Geplante Übernahme von Kaiser’s Tengelmann durch Edeka. Bild von Klasse gegen Klasse (RIO)Der Kampf um die Übernahme der Kaiser’s – Tengelmann Supermärkte nimmt immer groteskere Formen an. Immer klarer wird, dass die Interessen der Beschäftigten für die handelnden Konzernbosse von Tengelmann, Edeka und Rewe keine Rolle spielen. (…) Bundeswirtschaftsminister Gabriel, in Zusammenarbeit mit dem ver.di-Vorsitzenden Bsirske, starteten einen neuen Versuch die Ministererlaubnis zu retten. Jetzt soll unter Moderation von Altkanzler Schröder mit den beteiligten Unternehmen, Kaiser’s, Edeka, Rewe, ein neuer Anlauf unternommen werden. Ob dieser erfolgreich sein wird, bleibt abzuwarten. Eine Regelung ohne die Interessen von Rewe zu bedienen, wird es wohl nicht geben. Ob diese dann die Zustimmung von Edeka findet, bleibt abzuwarten. Für Gewerkschafter*innen zeigt diese ganze Angelegenheit deutlich, dass ihre Möglichkeiten, Einfluss auf Unternehmensentscheidungen zu nehmen, doch sehr begrenzt sind. Vor allem in der Tengelmann Gruppe, mit der gegebenen privatkapitalistischen Eigentümerstruktur, sind die Beschäftigten und ihre Interessenvertretungen in einer schwachen Position. Aber auch in den genossenschaftlich organisierten Marktführern Edeka und Rewe sieht es nicht viel besser aus. Gesellschaftlich muss die Frage aufgeworfen werden ob, wir uns solch eine Marktmachtkonzentration leisten können. (…) Mit welch einer Struktur solchen Entwicklungen entgegengewirkt werden kann, sollte Gegenstand von nicht nur, aber eben auch Debatten in der Linken sein. Das dies nicht nur eine Angelegenheit von Beschäftigten sein darf, liegt auf der Hand. Auch Konsument*innen müssen an solchen Debatten beteiligt werden. Dabei geht es nicht nur um die Unternehmensformen, sondern vor allem auch darum, welchen gesellschaftlichen Anforderungen Einzelhandelsunternehmen unterliegen sollen. Dabei spielen nicht nur die Arbeitsbedingungen der dort Beschäftigten eine wichtige Rolle. Ausreichende Preise für die Erzeuger, gute Arbeitsbedingungen in den Produktionsstätten, gerechter Austausch mit dem globalen Süden, artgerechte Tierhaltung, pestizidfreies Obst und Gemüse, sind nur einige der vielen Themen, die auch in solche Debatten einfliessen müssen.“ Artikel von Helmut Born vom 25.10.2016 für das LabourNet Germany – wir danken!

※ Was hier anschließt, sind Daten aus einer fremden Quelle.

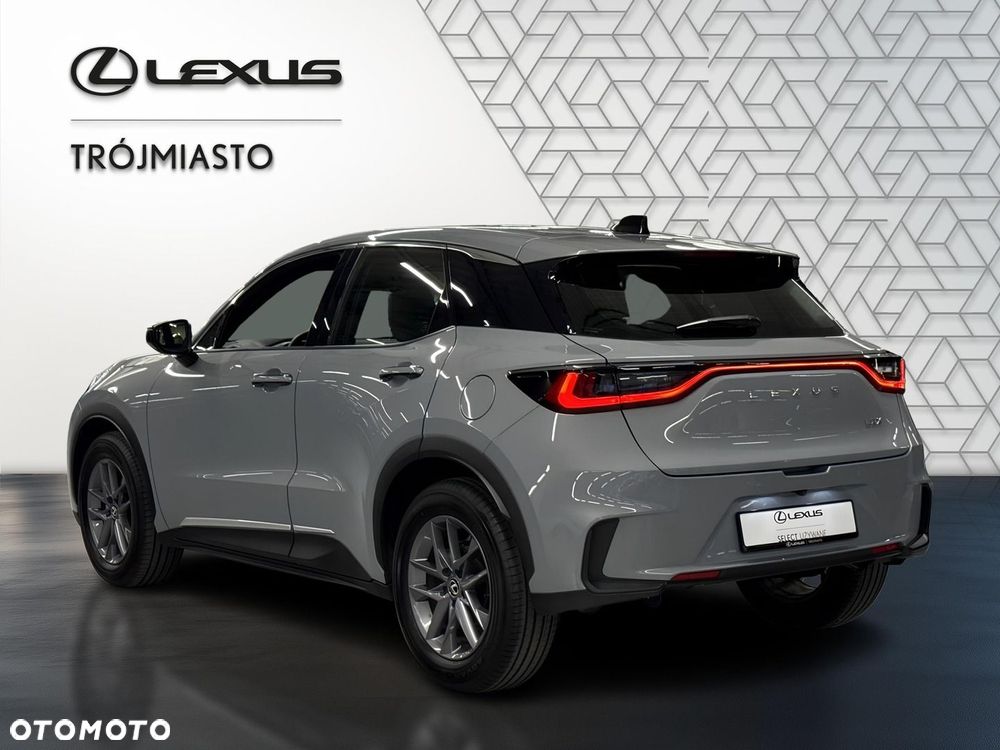 Lexus LBX 1.5 Hybrid - 8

Kaiser‘s – Tengelmann: Gnadenlos – der Kampf um Marktanteile im Einzelhandel.
Jetzt sollen es Schröder und Rürup richten

Der Kampf um die Übernahme der Kaiser’s – Tengelmann Supermärkte nimmt immer groteskere Formen an. Immer klarer wird, dass die Interessen der Beschäftigten für die handelnden Konzernbosse von Tengelmann, Edeka und Rewe keine Rolle spielen. Dem Boss von Tengelmann, Haub, geht es darum, die angeblich seit Jahren defizitären Lebensmittel Supermärkte von Kaiser’s loszuwerden. Vor Jahren hatte er schon die Plus Discount Märkte an Edeka verkauft und sich an deren Discounter Kette „Netto“ eine 20 %ige Beteiligung gesichert. Mit Plus betreibt er weiterhin einen florierenden Online Handel, der den Profitabilitätsvorstellungen offensichtlich voll entspricht. Ferner betreibt er den von Skandalen begleiteten Textildiscounter KIK. Für den größten Lebensmittelkonzern, Edeka, und seinen Boss, Musa, geht es darum, mit dem Erwerb der Kaiser’s Supermärkte seine marktbeherrschende Stellung weiter auszubauen. Dabei geht es für Edeka nicht um den Erhalt des Namens Kaiser’s, sondern um eine Eingliederung in den Edeka Konzern, wobei auch Kaiser’s Filialen in Netto Discounter umgewandelt werden können.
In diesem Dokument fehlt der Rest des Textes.